It's been 10 years. Ten years ago, BNP Paribas suspended withdrawals and investments in three of its specializing in subprime loans and the European Central Bank made an emergency $112bn loan to banks in Europe. The financial crisis was born.

A decade on, insiders say the job of credit traders at investment banks has changed beyond all recognition. It's not just the elimination of proprietary trading at U.S. banks under the Volcker Rule. It's also the big changes to market dynamics resulting from the central banks' intervention in bond markets. And in particular, it's the role played by the European Central Bank (ECB) with its refinancing operation and €2.3 trillion asset purchase programme (quantitative easing) initiative. If you work in credit trading now, the ECB has changed everything. 

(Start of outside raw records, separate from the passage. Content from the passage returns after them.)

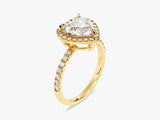 Heart Halo Lab Grown Diamond Engagement Ring with Pave Set Side Stones (2.00 CT)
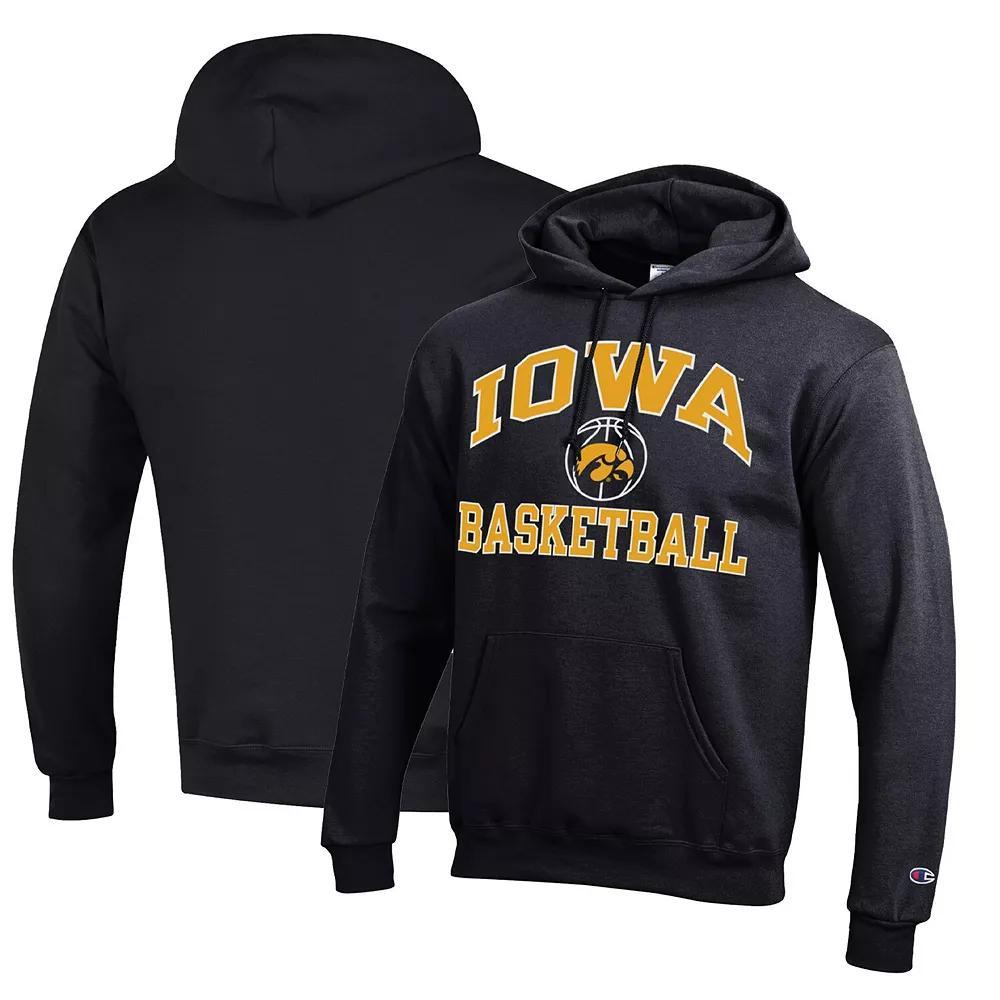 Men's Champion Black Iowa Hawkeyes Basketball Icon Powerblend Pullover Hoodie, Size: Large Product Image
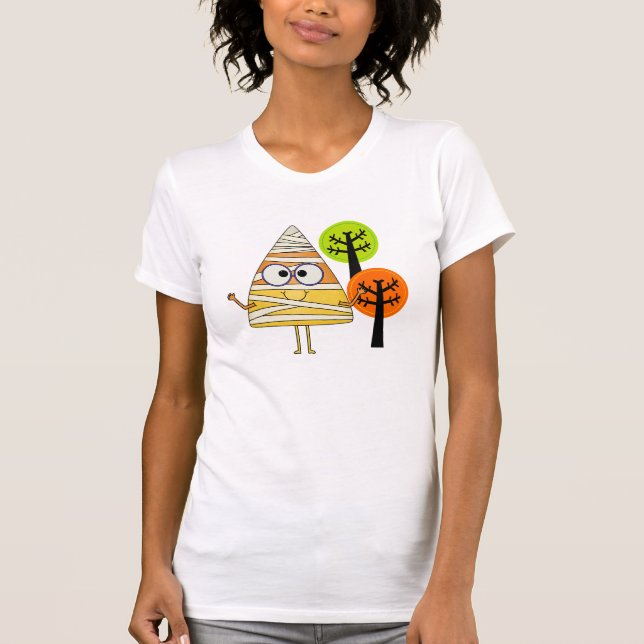 Candy Corn Mummy Halloween T-Shirt (Vorderseite)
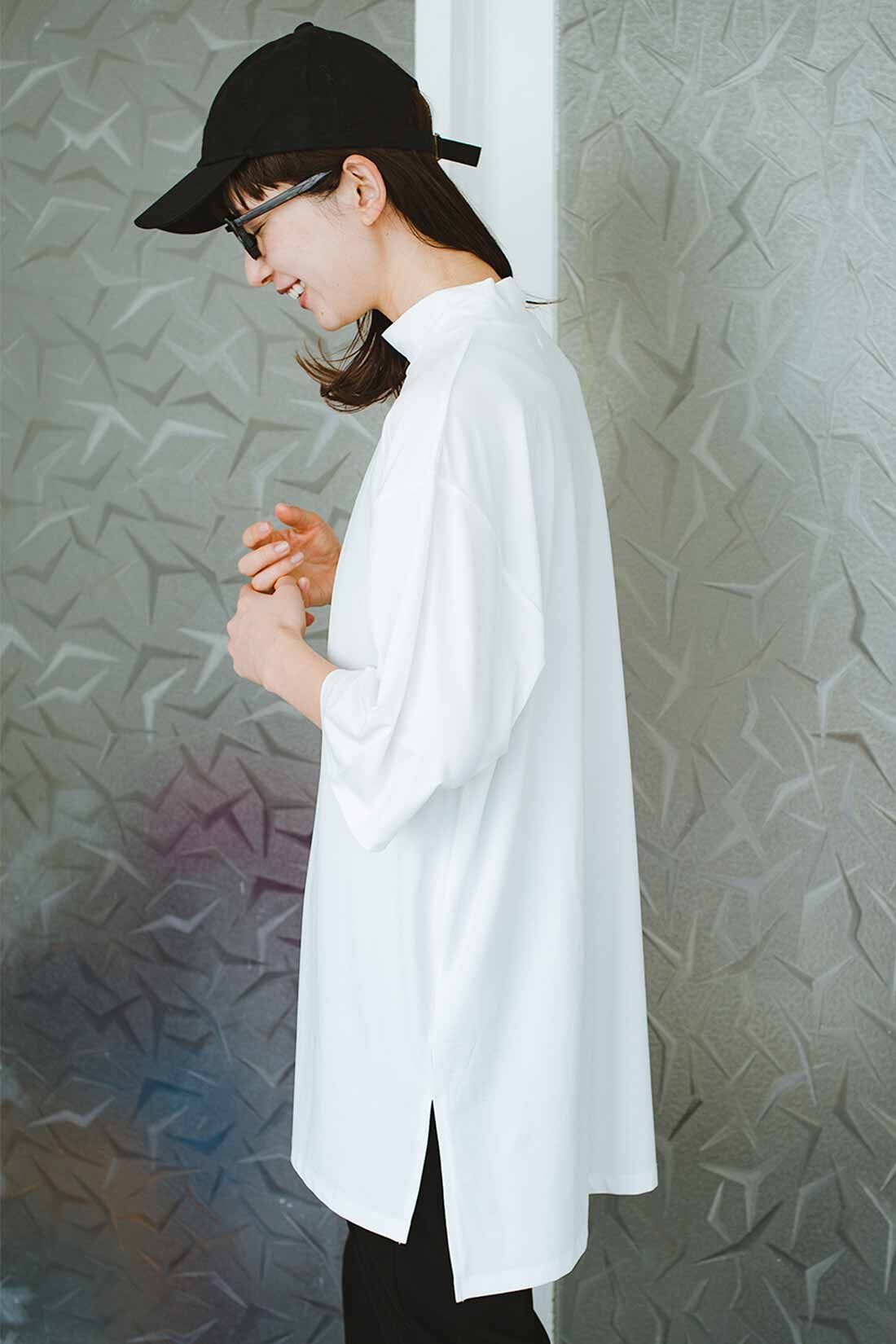 frauglatt［フラウグラット］|フラウグラット　すっぽり隠して伸びやからくちん♪ ハイネックカットソーチュニック〈UV対策/吸水速乾〉の会|風を通すゆったりアームと、ひじまで隠れる安心の袖丈。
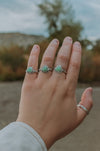 Dainty Triangle Variscite Ring - Size 8.5 - Third Hand Silversmith LLC handmade jewelry, Bozeman, Montana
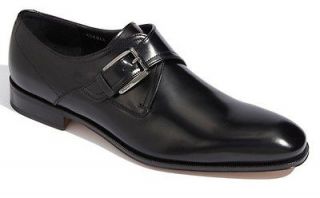 Salvatore Ferragamo Cipro Loafer Black Leather Monk Strap Dress Shoe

Louis Gargour, CIO at credit-focused hedge fund LNG Capital and a former credit trader at J.P. Morgan and Goldman Sachs with 33 years' credit trading experience, says a whole generation of traders have come of age in the artificial market conditions engendered by the ECB. “A lot of the guys in the market now started out in 2009," says Gargour. "They’ve been doing this for one credit cycle and all that time they’ve been buyers with the ECB behind them....What happens when the ECB disappears?"

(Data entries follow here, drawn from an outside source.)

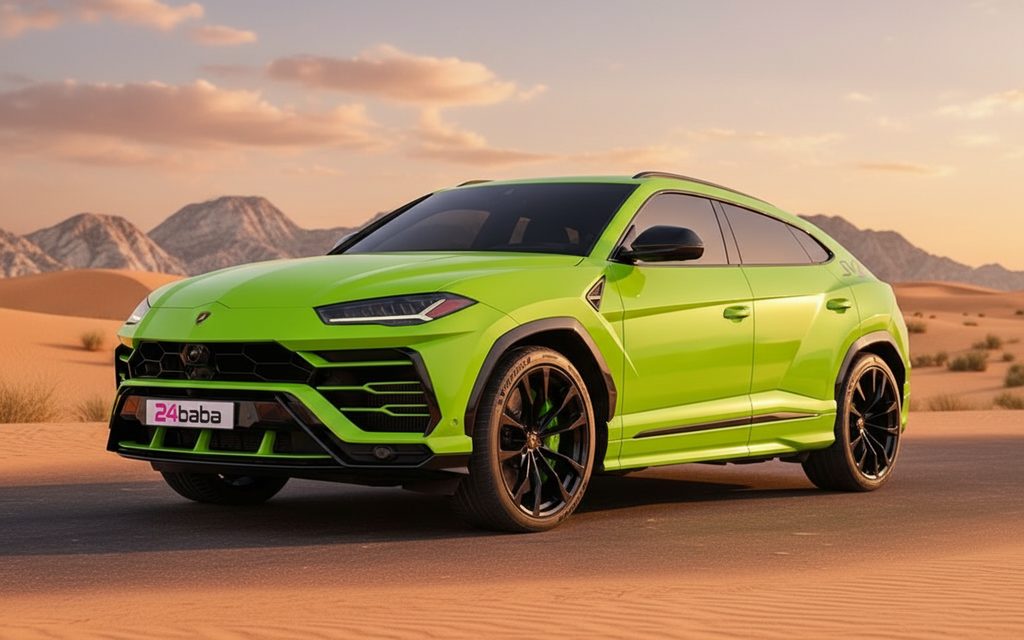 Lamborghini Urus 2021 Green front view with headlights – rental in Dubai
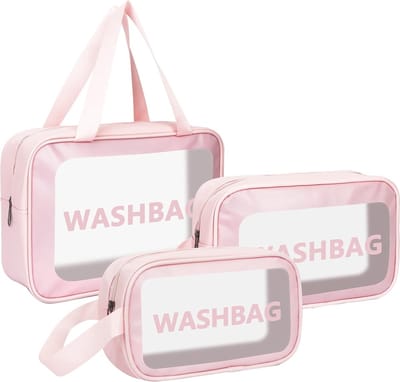 3 stuks pvc-make-uptas, doorzichtige toilettas, transparante tas, waterdichte make-uptas, toilettas met ritssluiting, draagbare cosmeticatas, reisset, 3-delig, 3 maten, roze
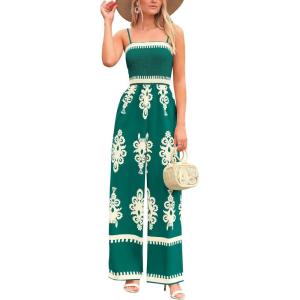 PRETTYGARDEN Women’s Summer Boho Jumpsuits One Piece Beach Vacation Outfits Spaghetti Strap Wide Leg Pants Rompers(Dark Green)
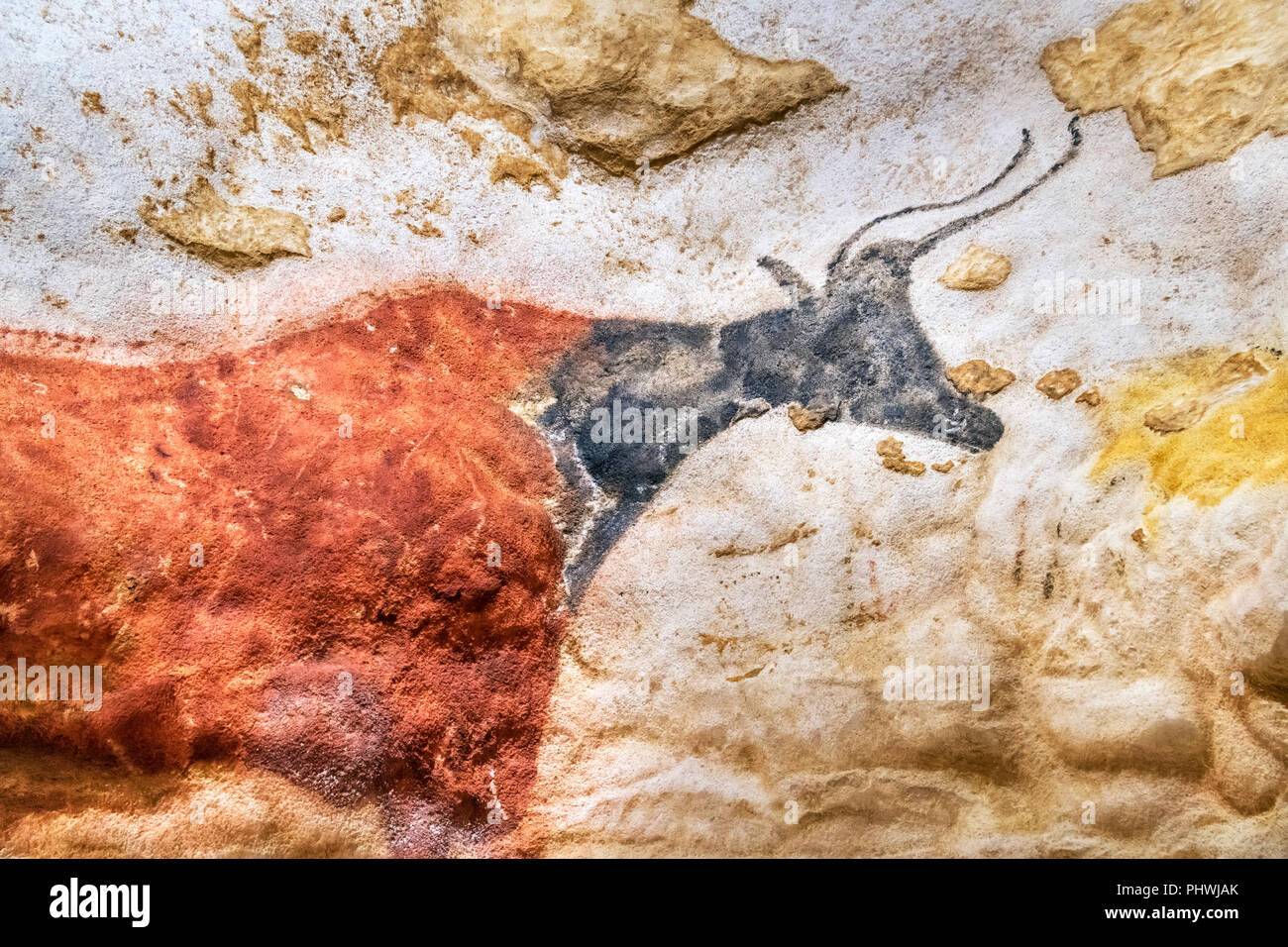 Höhlenmalerei aus der axialen Galerie (La Diverticule Axial), Internationales Zentrum für Kunst und Höhle (IV), Montignac Lascaux, Dordogne, Frankreich Stockfoto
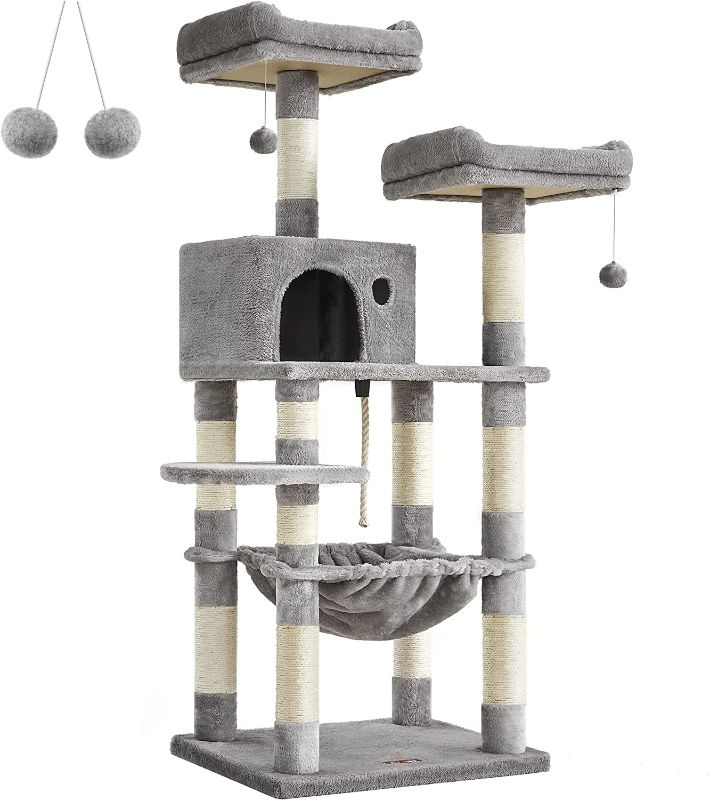 Photo 1 of **FOR PARTS ONLY**  FEANDREA Cat Tree, Cat Tower for Indoor Cats, 56.3-Inch Cat Condo with Scratching Posts, Hammock, Plush Perch, Light Gray UPCT15W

With the ECB as the "thousand pound gorilla" buying up trillions of euros of bonds in the market, Gargour argues that credit traders' job has been reduced to reading the ECB's publicly available information on its purchasing criteria and ensuring they buy the bonds ECB is targeting in order to sell them to clients who can make a profit: "It's been a free ride."

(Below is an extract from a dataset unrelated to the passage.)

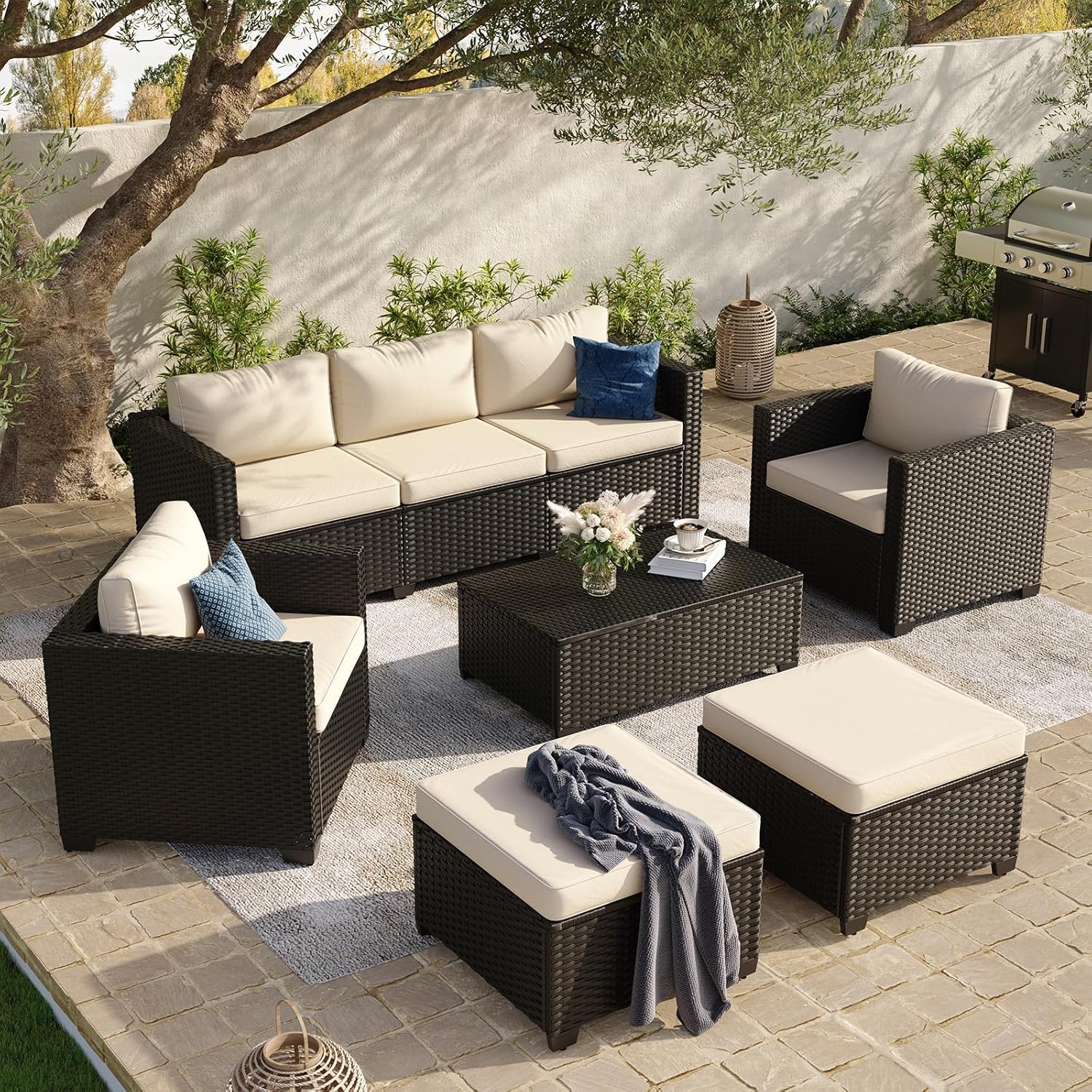 Aoxun 8 Piece Outdoor Patio Furniture Set 7 Seats, Outdoor Sectional with Thick Waterproof Cushions & Storage Coffee Table, Patio Conversation Sets for Garden,Backyard, Porch, Balcony, Deck, Beige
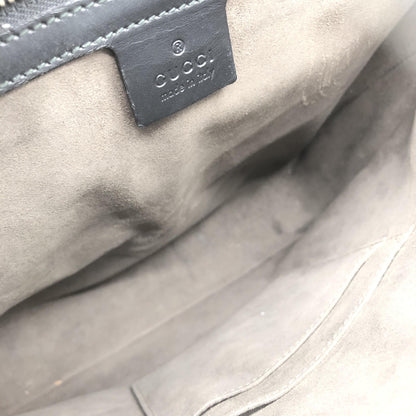 Gucci Buckle Flap Messenger Guccissima Leather, Black, Leather, Shoulder Bag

A former Barclays credit trader, says the ECB's impact has been to create a single "general buyer" which no bank in the market has ever challenged. "Prices rose and yields dropped and here we are. Volatility has fallen as there's always a backstop bid from the ECB... Few credit traders therefore now know what volatile trading is like, or long term sell-offs."

Today's traders are lazy agrees another veteran J.P. Morgan credit trader: "They have an idea what they ECB will buy and they buy that and pass it on. They just trade against whatever the ECB is buying. It's working against an order, which is exactly what we were taught not to do."

Nor is it simply a question of only ever working in a unidirectional market. Veteran traders say the ECB has also deprived the new generation of an ability to short individual bonds. The ex-head of credit trading at one U.S. bank in London says historic hedging practices disappeared once the ECB bought most of the bonds and stopped lending them out to investors for shorting selling purposes. "When investors owned the debt, they were happy to lend it out," he says, "But the ECB just sits on it. If you can't borrow the assets, you can't short them - the old kinds of two way markets have become much harder to make."

“If you want to short a bond, someone has to lend it to you," agrees Gargour. "But now that the ECB’s taken the supply out of the market, no one can lend. Shorting has therefore become more about using proxies than shorting particular securities. You might go short the IG Index or its components, for example.”

In other ways, however, traders say conditions since the crisis have forced today's traders to develop entirely new skills. With banks no longer taking proprietary risk, hedge funds fearful of a correction and the ECB as the gorilla in the corner, liquidity has fallen. The ex-head of credit trading says this has made today's markets more relationship-focused and less susceptible to automation. "Everyone thinks credit trading is becoming electronified, but this only applies to small orders between $500k and $1m. Ten years ago, if you had $25m of generic bonds to sell, you'd ask five banks at once and get a market very quickly. Now, if you have an order that size, you're going to be very careful about showing it - if you ask five banks, the market will move. So, you're only going to ask people you know and trust. Credit trading today is far more about human relationships than it was before."

The way veteran traders tell it, therefore, the traders who've come of age since 2007 are schmoozers who specialize in selling into a rising market. When and if the ECB tapers its involvement, they could be in for a shock. "Everyone knows that soon as the ECB indicates it’s changing its bond buyback policy everyone in investment grade will face significant losses,” says Gargour. “The generation that runs credit trading now doesn’t have experience with defaults on credit cycles, but the market is going to change and these guys are about to gain some wisdom.”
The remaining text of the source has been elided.